Named Entity Recognition (NER) is a subtask of Information Extraction (IE). Its goal is to extract certain ‘named entities’ from unstructured text. These entities used to only be proper names, but today NER encompasses the extraction of all important entities within a given context [17].
When creating a custom NER model, the entities that are extracted are are by definition very domain-specific. Because of this, big, annotated training corpora usually do not exist for custom NER models and annotation is done by hand. This probes the question whether annotation should be done by people with knowledge of the given domain, or by people with knowledge of NER.

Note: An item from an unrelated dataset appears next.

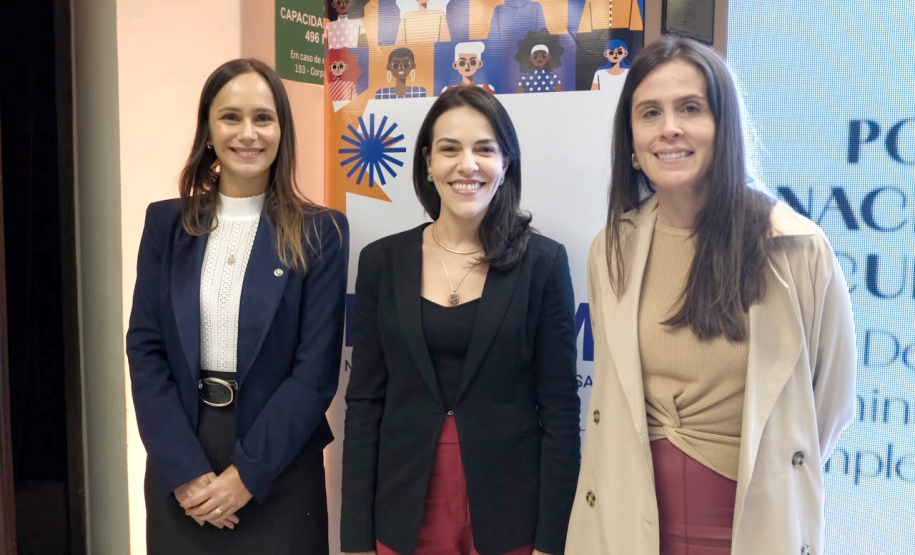 Evento realizado no Guairinha sobre a Política Nacional de Cuidados.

In this report, a custom NER model created by using the SpaCy library is trained on a dataset that is annotated by either a fourth year AI student or employees of the Expertise Center. This was done in order to assess the importance of domain-specific knowledge in annotating data for custom NER models. Different properties of the annotated datasets are analyzed, as well as the performance of the models.
The models trained on the dataset annotated by the AI student slightly outperformed those trained on the dataset annotated by the Expertise Center, but not by a great margin. Most of all, the outcome of the research suggests a trade-off between extracting certain, extremely specific entities and creating a model that performs and generalizes well.